L’arte povera di Jorge Bergoglio

Non bastava aver definito la Madonna, Maria, Miryam della Casa di David, una “meticcia”.

L’ultima – soltanto in ordine di tempo, perché a breve ne produrrà di certo altre – delle brillanti affermazioni “teologali” di Jorge Bergoglio, riguarda la croce di resina plastica rivestita dal giubbotto salvagente di un ignoto “migrante” scomparso in mare esposta in Vaticano.
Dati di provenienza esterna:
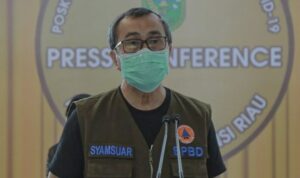dbh-dan-pad-turun-gubri-perkirakan-apbd-riau-2021-tinggal-rp9-triliun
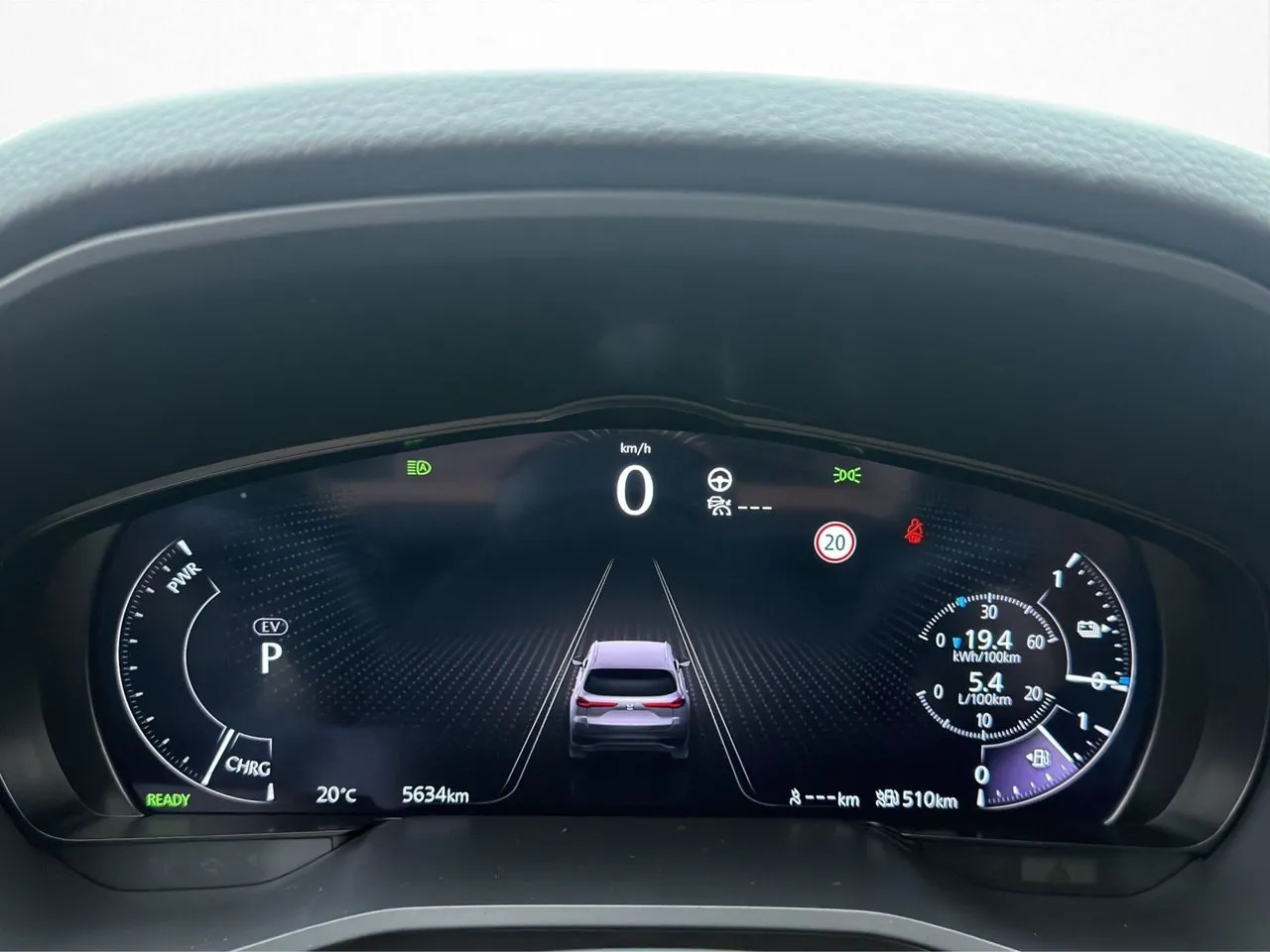 Vehicle image 21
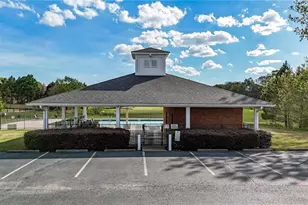 459 Waterford Dr, Cartersville, GA 30120 - Photo 60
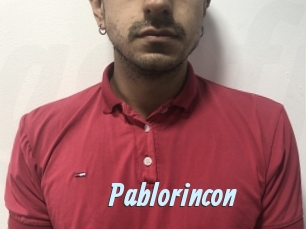 Pablorincon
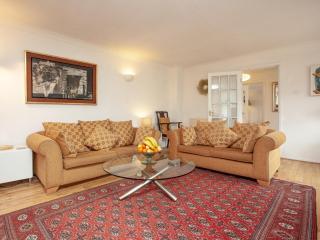 Hayden Farm - Culmstock - 2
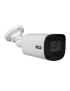 BCS-P-TIP44VSR5(2) - Kamera...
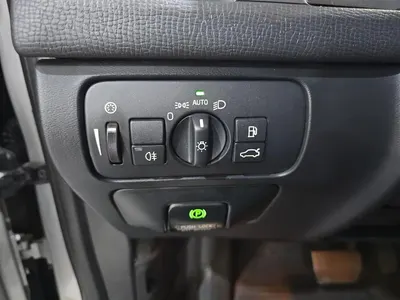 Volvo XC60 D4 2013 18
A parte il fatto che mi piacerebbe sapere come si è potuto affermare con tanta certezza che quel giubbotto sia appartenuto allo sfortunato defunto se di lui non si sa altro, essendo costui rimasto ignoto, resta ormai inutile stupirsi se qualcuno depone bottiglie colme d’urina in un Presepe, sostituisce il Bambin Gesù con uno analogo ma di colore nero (pare che “negro” non sia politicamente corretto da dirsi, quindi non potremo neanche dir più né negriero, né negritudine, negramaro e neanche negromante), immerga il crocifisso sempre nell’urina o disegni Cristo in palese atteggiamento omoerotico. Bergoglio ha più volte manifestato la propria attitudine alla bellezza e all’arte disertando i Musei Vaticani e la Cappella Sistina, preferendo loro quella “barcarolata” installata tra i colonnati berniniani di San Pietro. Un intenditore, insomma.
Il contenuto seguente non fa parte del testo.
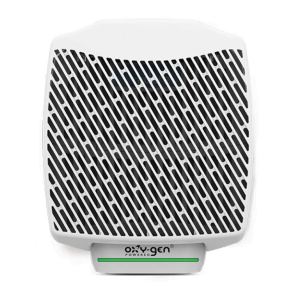 JanSan Oxygen-Pro Odour Control System,Dispenser (Dispenser)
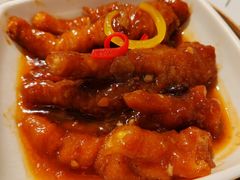 -凯逸轩·匠心粤菜(中城名仕汇店)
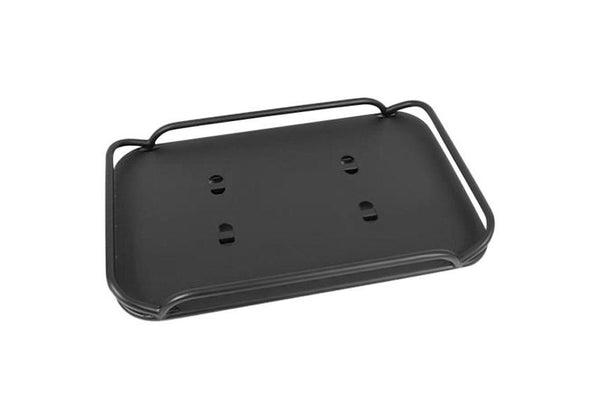 Rampage Bed Cargo Rack (MPN: 86623)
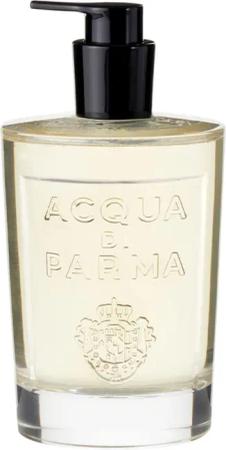 ACQUA DI PARMA COLONIA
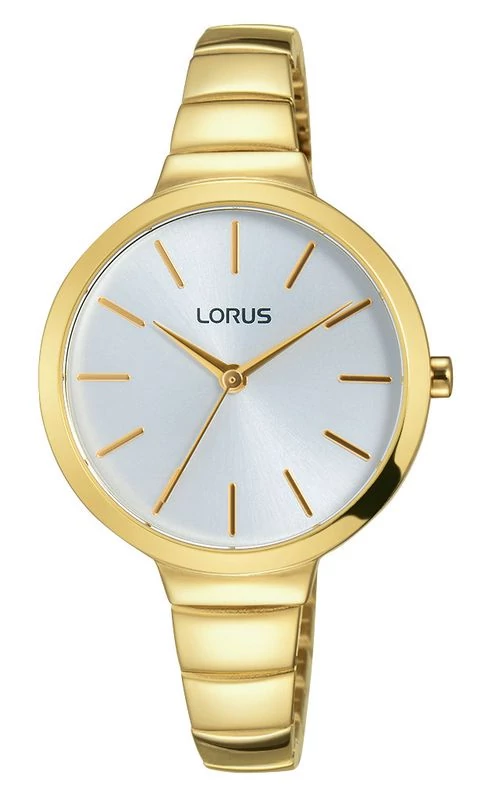 Lorus női óra - RG216LX9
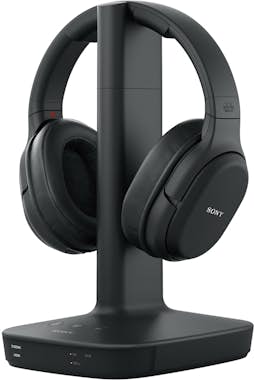 Sony Sony WH-L600 auricular y casco Auriculares Diadema Sony Sony WH-L600 auricular y casco Auriculares Diadema
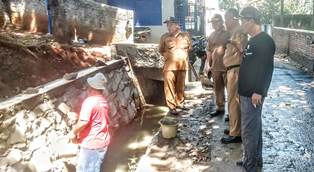 https://www.gardatipikornews.com/peringatan-hari-santri-nasional-dikecamatan-purabaya-berlangsung-hidmat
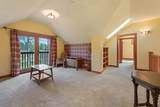 26256 Metolius Meadows Drive - Photo 38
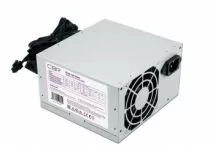 CBR PSU-ATX400-08EC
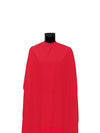 Crimson Red PRO Cape - Illuzien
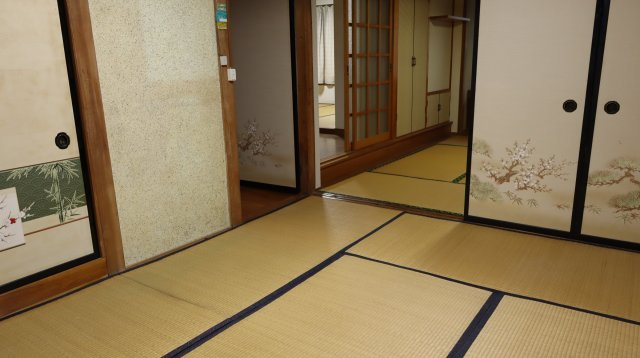 【中古】社館之内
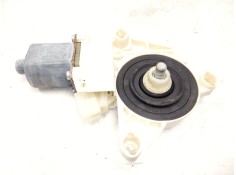 Recambio de motor elevalunas delantero izquierdo para mercedes-benz clase a (w176) a 200 cdi / d (176.008) referencia OEM IAM A2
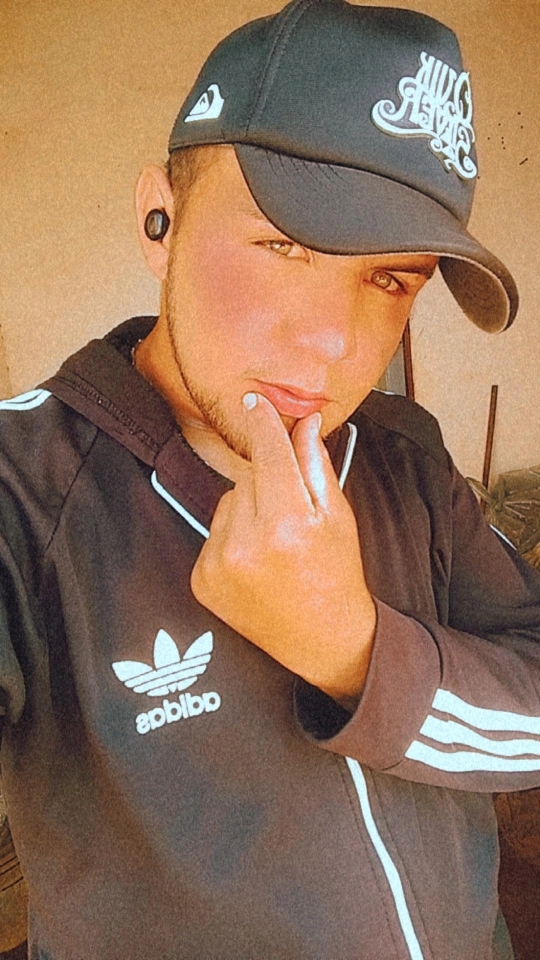 Tharcios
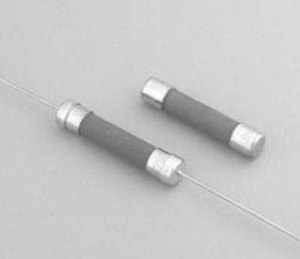 F02A250V1-1/4A F02A250V1-1/4A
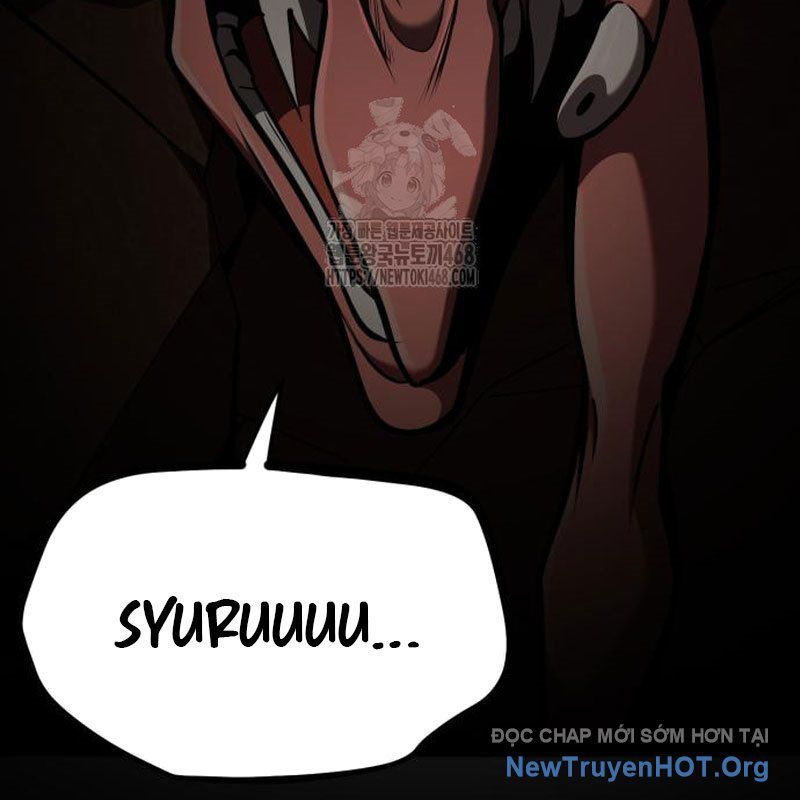 Goblin Level 999 Chapter 24 - Trang 2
E pensare che i suoi predecessori, per quasi due millenni, hanno tutti contribuito a donare al mondo arte, bellezza e cultura favorendo artisti e creando ricchezza e meraviglie. Michelangelo, Perugino, Raffaello, Bernini e innumerevoli altri sono potuti essere i grandi e immortali maestri che sappiamo anche grazie ai cospicui compensi pontifici che ricevevano. Ma allora era un creare in oro, argento, lapislazzulo e gemme senza pari, oggi invece al valore reale e a quello simbolico delle opere, si è sostituito – in nome di un ipocrita pauperismo – l’uso di materiali miseri e artificiali.
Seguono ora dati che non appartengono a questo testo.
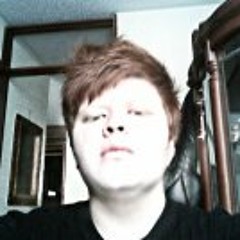 Juan Sebastian Muñoz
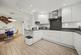 Additional image 8 of Maurice Walk, Hampstead Garden Suburb, NW11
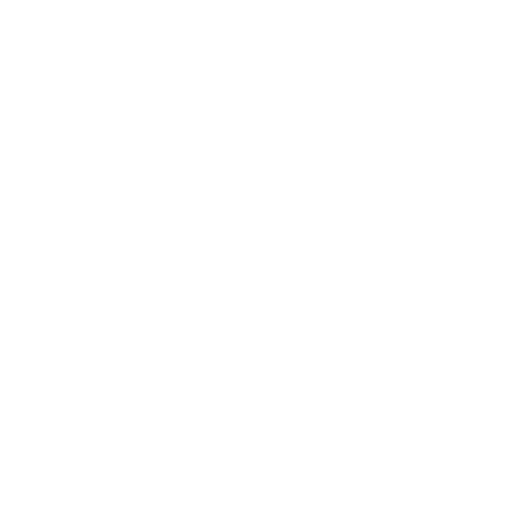 24+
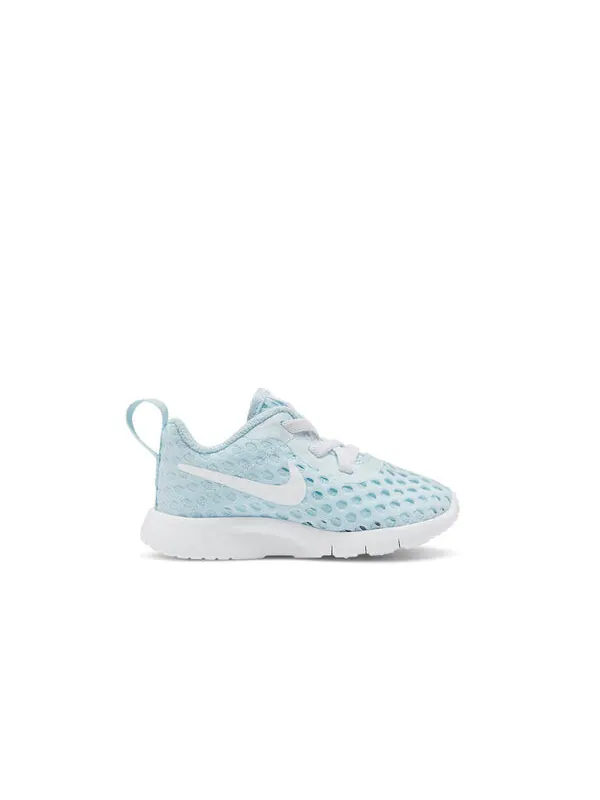 Кроссовки tanjun br bte Nike — изображение 2 из 4, синий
Sarebbe il caso di ricordare ben altro grado di Sommi Pontefici seduti sul Santo Soglio, forse anche di scomodare uno dei più “terribili”, come quel Felice Peretti, frate marchigiano che prese il nome di Sisto V, al quale – tra i tanti – si attribuisce questo racconto al limite della leggenda: un giorno a Roma si sparse la notizia che, fuori città, una scultura lignea del Cristo trasudava sangue. Il luogo divenne subito meta di pellegrini e da costoro il proprietario del terreno dove era il crocifisso “miracoloso” ne ricavava abbondanti introiti. Il fatto giunse alle orecchie del Papa, che volle subito recarsi sul luogo per accertarsi di persona. Mostratagli la prodigiosa scultura, Sisto V chiese un'ascia e dicendo “come Cristo ti adoro; come legno ti spacco”, vibrò un gran fendente sul crocifisso, spaccandolo in due e scoprendo così al suo interno, dinanzi agli attoniti astanti, una spugna intrisa di sangue animale comandata da una corda che, tirata, la strizzava facendo sì che la scultura emettesse il sangue. Ovviamente il proprietario terriero che aveva ordito l’inganno venne messi in ceppi e giustiziato. Da questa storia scaturì il ben noto modo di dire: “Papa Sisto non la perdona neppure a Cristo!”.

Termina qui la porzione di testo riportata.